# Kunststoffteich hat ein kleines Loch



## Teichforum.info (19. Aug. 2004)

Ich habe jetzt meinen Kunststoffteich seit ca. 5 Jahren und hab ihn gleich zu beginn irgendwie schlecht eigegraben, so dass sich eine Wand etwas verzogen hat und sich eine ecke gebildet hat (was kein Problem wäre) aber jetzt gibt es an dieser Stelle ein kleines Loch und jetzt möchte ich fragen, wie ich das reparieren kann.


----------



## Teichforum.info (19. Aug. 2004)

hallo,
aus welchem material ist denn dein teich? pvc, pe ...??


----------



## Teichforum.info (19. Aug. 2004)

pvc


----------



## Teichforum.info (19. Aug. 2004)

grundsätzlich freuen wir uns immer wenn wir einen namen lesen dürfen - herr agz wirkt so unpersönlich - desweiteren ist es die top krönung der höflichkeit wenn menschen noch angesprochen werden - und stell dir vor - 90 % aller user sind menschen   

pvc kann mann mit z.b. tangit von henkel kleben


----------



## Teichforum.info (19. Aug. 2004)

@juergen:

viele sind nur auf der durchreise (die kurze schnelle information)
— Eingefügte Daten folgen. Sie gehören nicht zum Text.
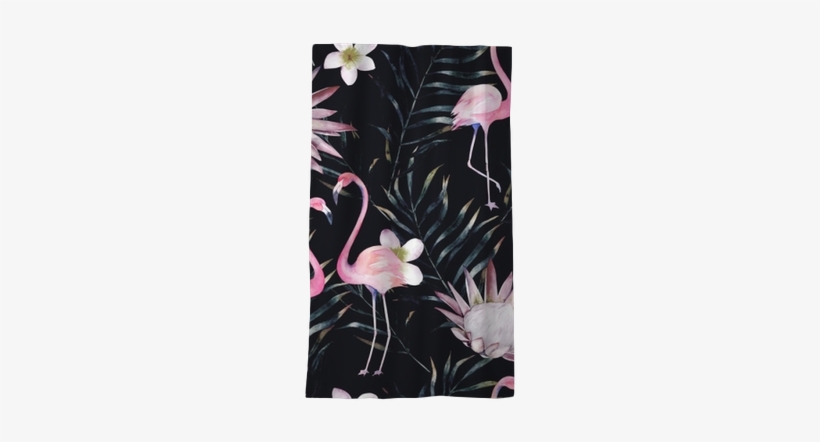 Watercolor African Protea, Flamingo And Tropical Leaves - Watercolor Painting, transparent png download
manche bleiben .....  mal sehen   

herr agz,

juergen hat recht wenn es sich um ein pvc becken handelt lässt sich sowas mit tangit gleben. denke ein stück pvc folie mit dem becken verkleben und gut ist.


----------



## Teichforum.info (19. Aug. 2004)

*A*nne*G*ret *Z*ambo - könnte doch auch sein :razz:


----------